The details were not published until yesterday

Expenses: ‘Secret deals’ go under the radar

Expenses: ‘Secret deals’ go under the radar

By politics.co.uk staff

Parliament has published details of MPs’ minor expenses offences which were previously allowed to be kept secret under Commons rules.

But the details went largely under the radar given yesterday’s momentous events in Westminster – prompting criticism that the news was being ‘swept under the carpet’ by the parliamentary authorities.

Ten MPs are implicated in complaints about minor expenses issues, including Labour deputy leader Harriet Harman and shadow justice secretary Sadiq Khan.

For minor misuses over less serious complaints, MPs were previously allowed to exploit a loophole known as ‘rectification’ to avoid publication of the details if they paid back the money and apologised.

That loophole was closed, but parliament’s failure to publish the details more prominently has been leapt upon by the Telegraph newspaper, which suggests that the motion calling for the ‘rectification’ complaints to be published was initially blocked by Ms Harman’s ministerial aide Ian Lavery.

The motion was however passed last week and the details have now been published, albeit obscurely, on parliament’s website here.

Most of the complaints concern relatively small amounts relating to stationery, letters and other small-ticket items claimed.

For instance, Ms Harman had to pay back £211 for mistakenly sending circular letter as a result of “administrative errors” in her office, while Mr Khan’s misuse of Commons stationery and notepaper saw him asked to repay £173.36.
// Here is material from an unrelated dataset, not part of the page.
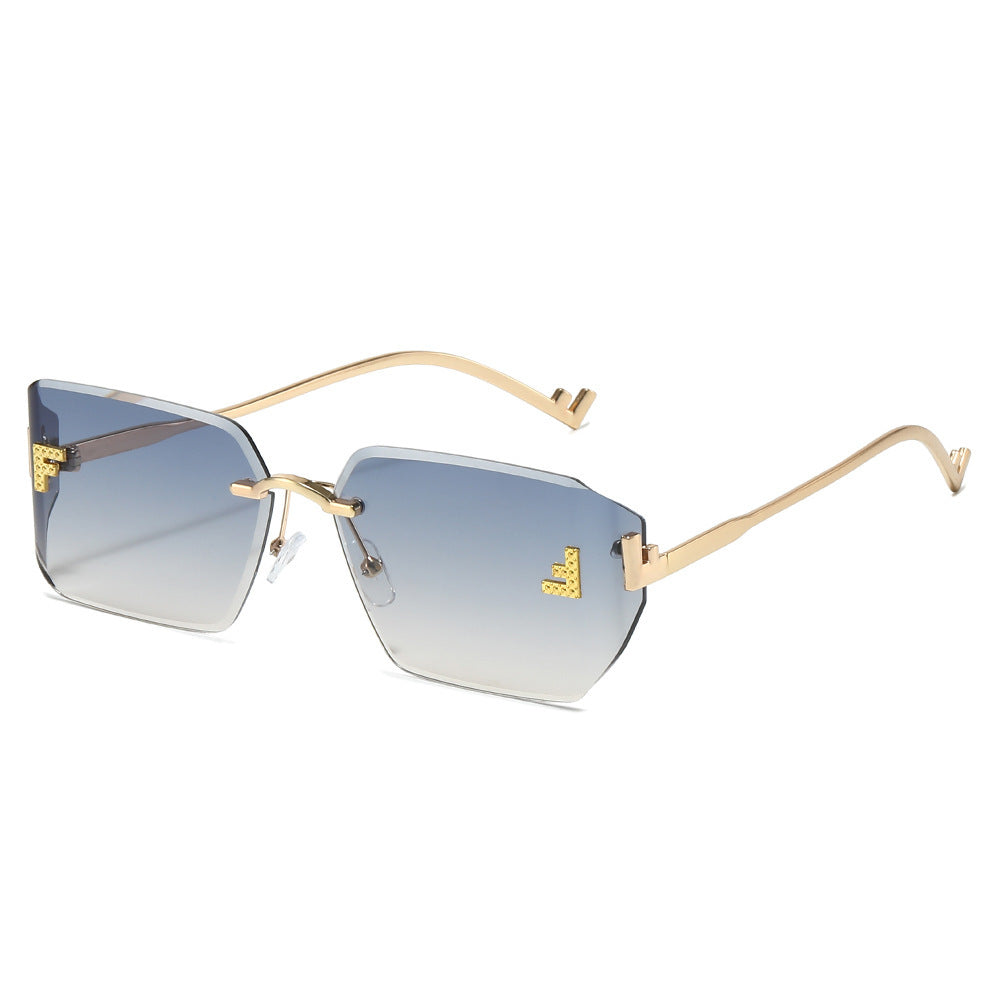 Luxurious Geometric Sunglasses Stornfield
But parliament has been criticised for not dealing with the loophole – which effectively saw some MPs re-elected before knowledge of the misuse became public – sooner.

The news comes a week after the first ex-MP to appear in court on criminal charges, David Chaytor, pleaded guilty to false accounting.

It also emerged that police yesterday handed another expenses file to the Crown Prosecution Service (CPS), bringing the total to nine – of which six have so far resulted in charges being brought.